TASK DIRECTIONS. Below is a listing. Set down exactly the lines from the one containing "Property at 911" through the one containing "306 N Agnew", both ends included, and leave out the rest.

EXTRACTED MATERIAL.

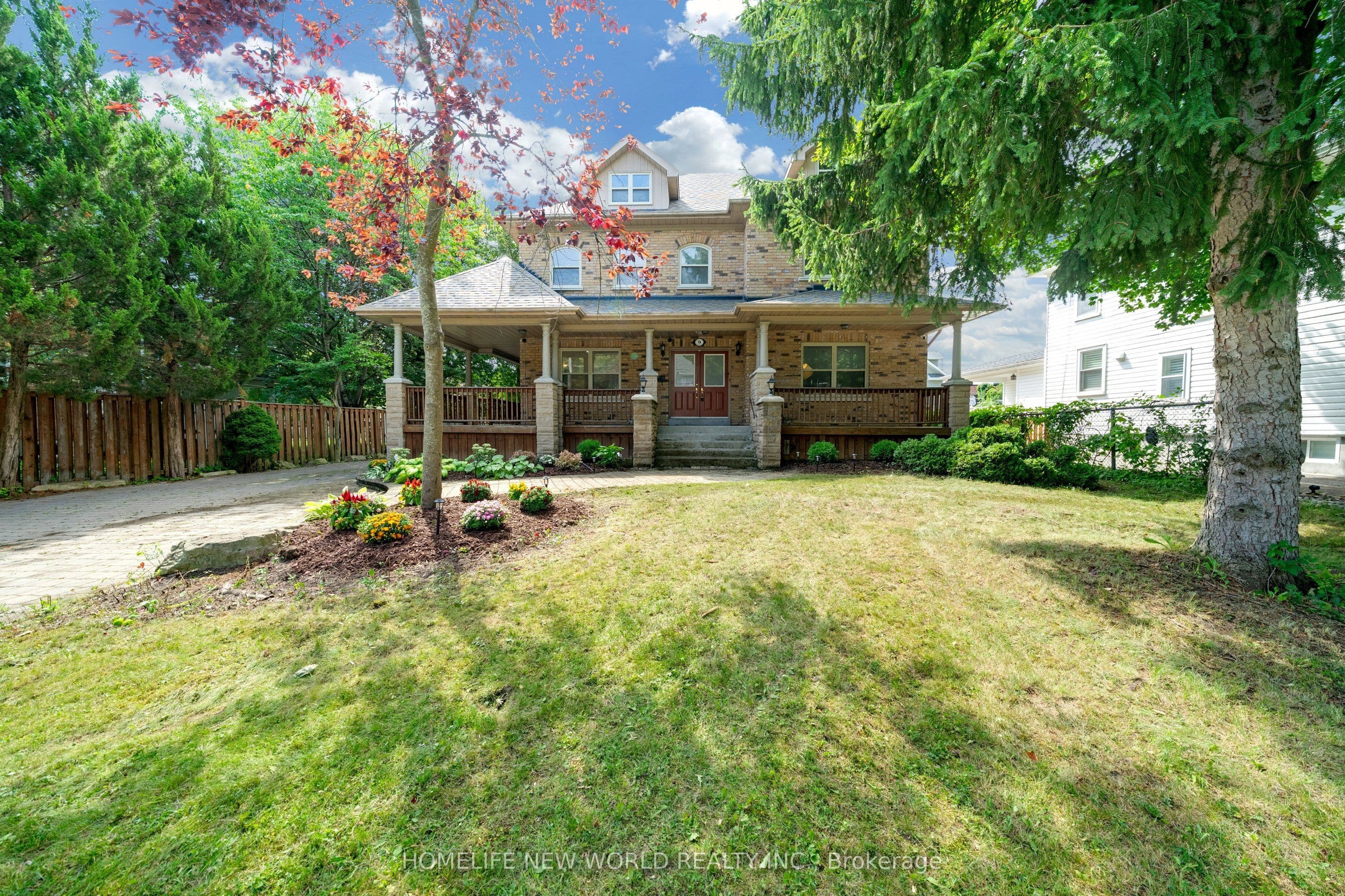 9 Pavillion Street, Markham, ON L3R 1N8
--
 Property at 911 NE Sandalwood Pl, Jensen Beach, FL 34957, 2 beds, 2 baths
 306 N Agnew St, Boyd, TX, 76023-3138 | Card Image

REPLY.
 Property at 911 NE Sandalwood Pl, Jensen Beach, FL 34957, 2 beds, 2 baths
 306 N Agnew St, Boyd, TX, 76023-3138 | Card Image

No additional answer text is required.